Task: Could you retype all of the entries exactly, without their pictures?

--*--

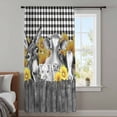 thumbnail image 3 of Farm Animals Sunflowers Sheer Curtains 45 Inches Long, Black White Checkered Plaid Light Filering Curtains, Breathable Simi Curtain Privacy Drapes for Kitchen Bathroom Small Window Treatment, 3 of 9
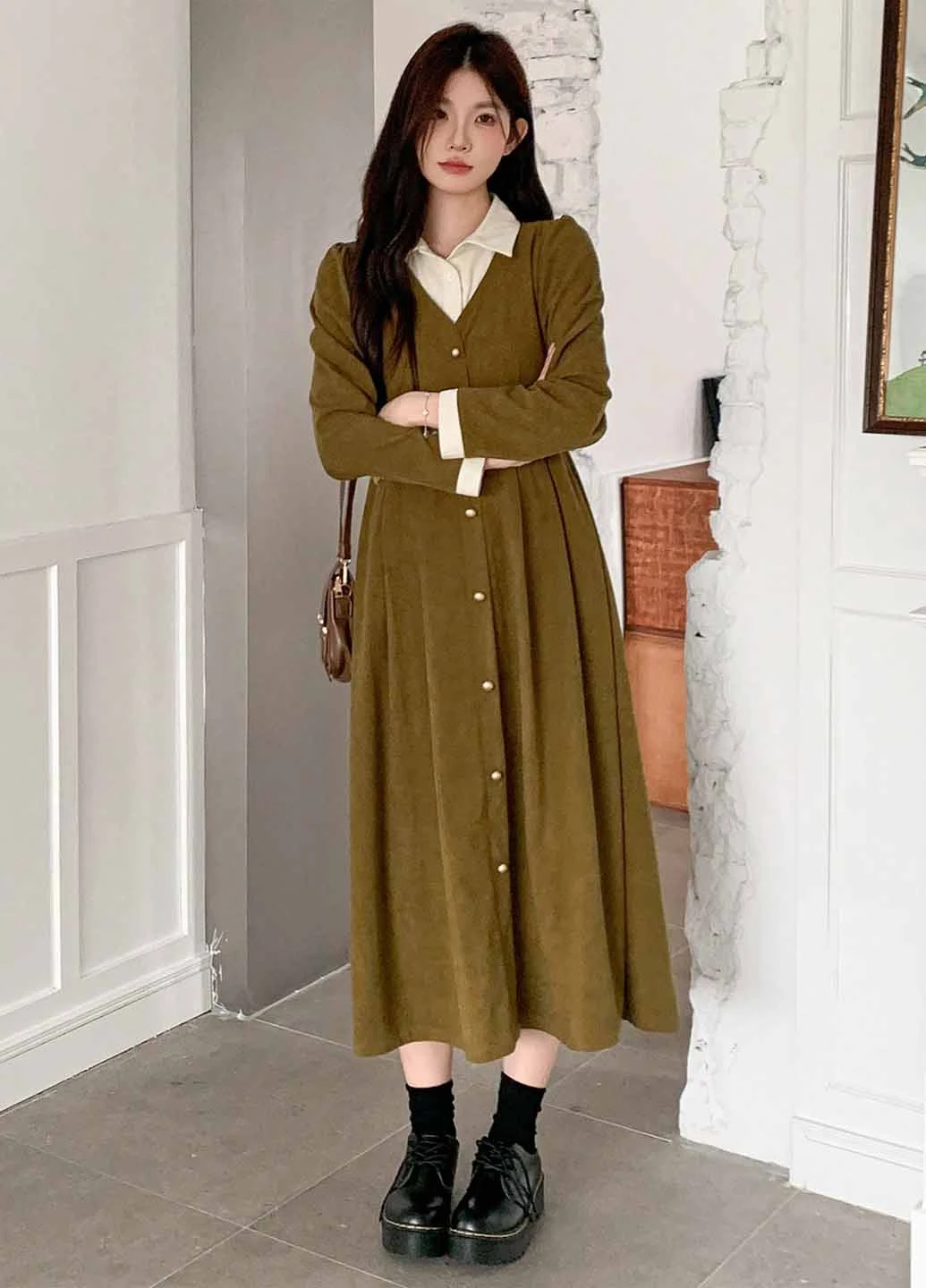 Зеленое кэжуал платье SHEIN однотонное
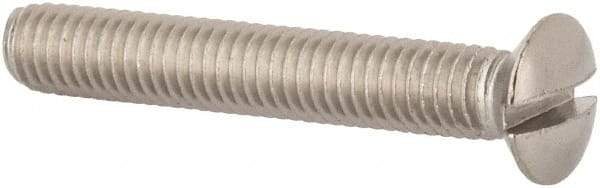Value Collection - M6x1.00 Metric Coarse, 40mm OAL Slotted Drive Machine Screw - Oval Head, Grade 316 & A4 Stainless Steel, Uncoated, Without Washer - Americas Industrial Supply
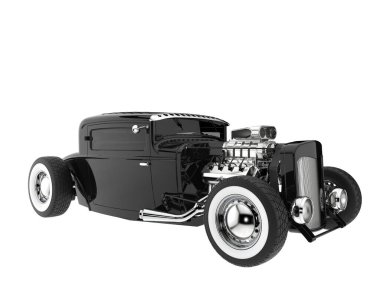 Muscle car isolated on white background. 3d rendering - illustration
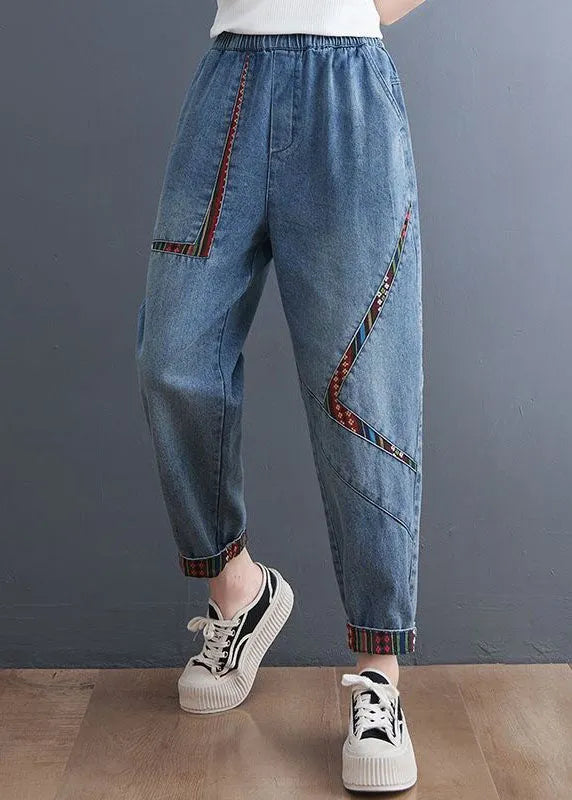 Blue Pockets Patchwork Denim Harem Pants Summer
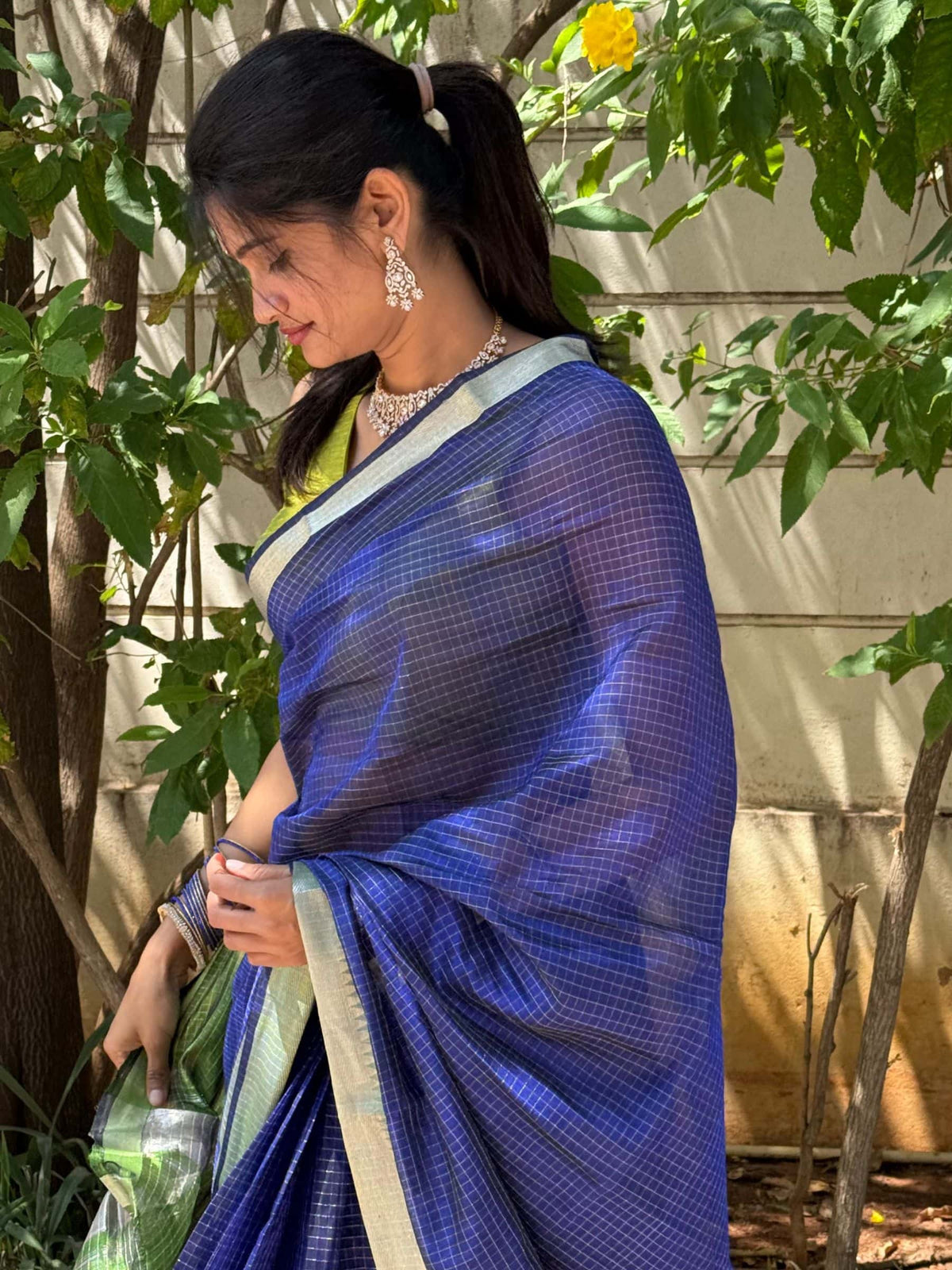 Handloom Mangalagiri Silk Cotton Saree in Blue and Green with Tissue Checked Weave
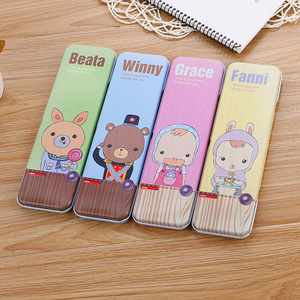 Wholesale custom stationery kids cartoon metal tin pencil box case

--*--

Task solution:
 thumbnail image 3 of Farm Animals Sunflowers Sheer Curtains 45 Inches Long, Black White Checkered Plaid Light Filering Curtains, Breathable Simi Curtain Privacy Drapes for Kitchen Bathroom Small Window Treatment, 3 of 9
 Зеленое кэжуал платье SHEIN однотонное
Value Collection - M6x1.00 Metric Coarse, 40mm OAL Slotted Drive Machine Screw - Oval Head, Grade 316 & A4 Stainless Steel, Uncoated, Without Washer - Americas Industrial Supply
 Muscle car isolated on white background. 3d rendering - illustration
 Blue Pockets Patchwork Denim Harem Pants Summer
 Handloom Mangalagiri Silk Cotton Saree in Blue and Green with Tissue Checked Weave
 Wholesale custom stationery kids cartoon metal tin pencil box case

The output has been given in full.